Menurutnya ada sejumlah alasan yang melatarbelakangi lebih rendahnya penerbitan obligasi korporasi Indonesia dibandingkan sejumlah negara Asia lainnya.
Pertama, proses penerbitan obligasi lebih rumit dibandingkan meminjam dari bank.
Kedua, pada periode tertentu biaya dana peneribtan obligasi relatif tidak jauh berbeda dibandingkan pinjaman perbankan, sehingga perusahaan cenderung memilih perbankan sebab prosesnya sederhana.
Ketiga, tidak semua perusahaan bisa menerbitkan obligasi. Hanya perusahaan-perusahaan yang memperoleh peringkat layak investasi saja yang bisa menerbitkannya, yang mana jumlahnya relatif terbatas.
Keempat, kurangnya pemahanan dari perusahaan-perusahaan dalam negeri terkait cara dan proses menerbitkan obligasi atau mengakses pasar modal. Kurangnya edukasi dari regulator menjadi faktor penyebab hal ini.
Kelima, tidak semua perusahaan bersedia memenuhi kewajiban untuk membuka informasi perusahaan kepada publik sebagai syarat untuk menggalang dana investor publik.
“Ini membuat perusahaan merasa dari pada repot-repot terbitkan obligasi, lebih baik pinjam di bank. Mereka berpikir, kalau bisa dapat yang gampang, untuk apa menyusahkan diri?” tuturnya, Rabu (26/7/2017).
Meski demikian, menurutnya belum bisa dipastikan bahwa jumlah perusahaan penerbit obligasi di Indonesia memang lebih rendah dari negara lain, kendati dari segi nilai penerbitan memang lebih rendah.
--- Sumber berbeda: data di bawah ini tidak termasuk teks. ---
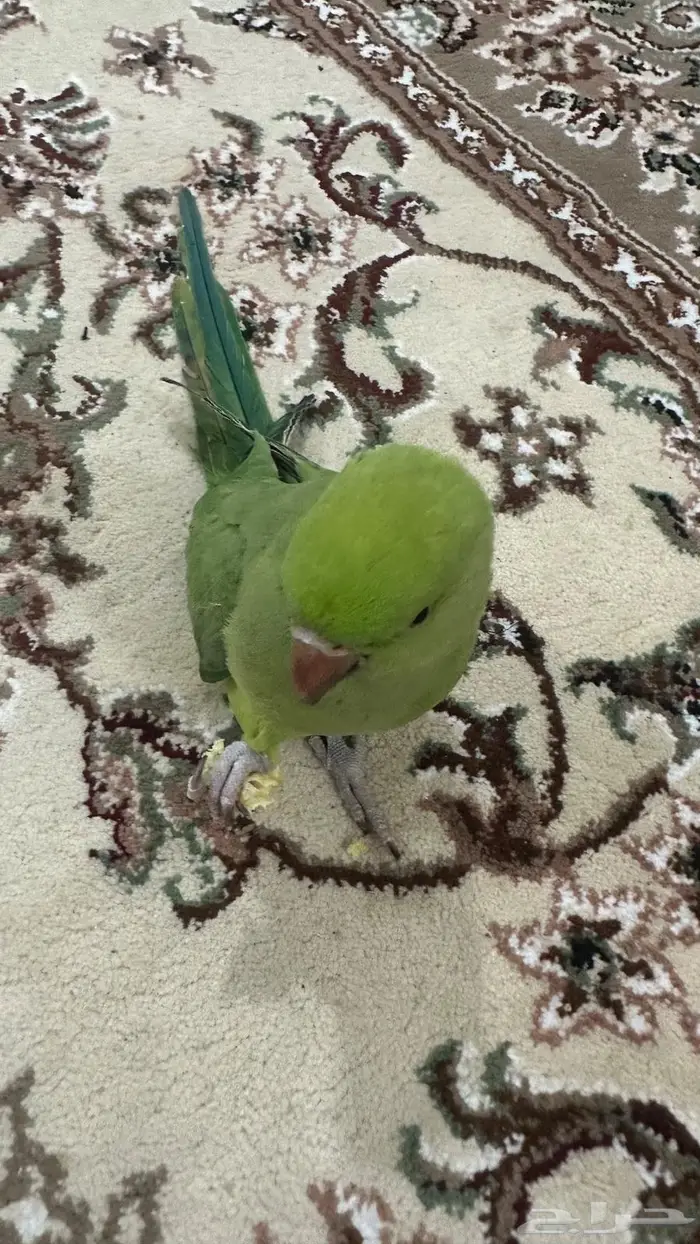 دره نص ولافه حجم جامبو 3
Pasalnya, obligor di luar negeri sering kali menerbitkan obligasi dengan nominal sangat besar sehingga secara kumulatif menghasilkan nilai total penerbitan negara asal yang besar pula. Sementara itu, di Indonesia rata-rata penerbitan obligasi korporasi relatif kecil nilainya.
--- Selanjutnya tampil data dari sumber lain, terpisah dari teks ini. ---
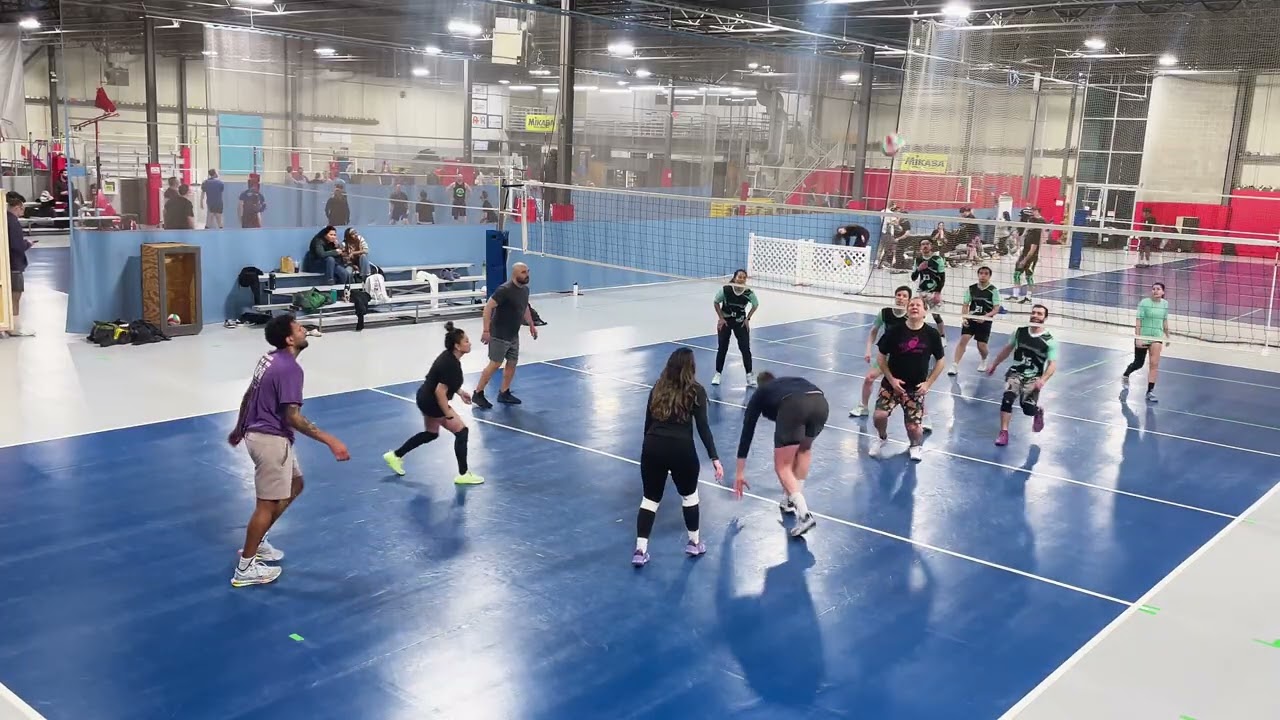 cedar 2-18-26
Di sisi lain, pemerintah Indonesia juga belum mengakomodasi penerbitan obligasi korporasi dari negara-negara lain. Padahal, sejumlah negara Asia lainnya sudah menerima penerbitan obligasi oleh korporasi asing sehingga menambah jumlah total emisi di negara tersebut.
“Bisa jadi perusahaan kita lebih banyak, cuma size-nya kecil dan daya serapnya tidak banyak. Tentu juga tidak aple to aple untuk membandingkan dengan negara lain yang sudah membuka diri terhadap perusahaan asing,” katanya.
Anup menilai, butuh upaya ekstra demi memacu perusahaan-perusahaan dalam negeri untuk lebih memilih obligasi dari pada pinjaman bank sebagai alternatif sumber pembiayaan. Untuk itu, dibutuhkan edukasi yang memadai terkait pasar modal kepada perusahaan-perusahaan.
Selain itu, pemerintah perlu segera memikirkan langkah-langkah untuk memungkinkan perusahaan asing menerbitkan obligasi di Indonesia. Untuk itu, perlu pendalaman pasar dan peningkatan likuiditas dan keikutsertaan investor domestik di pasar modal.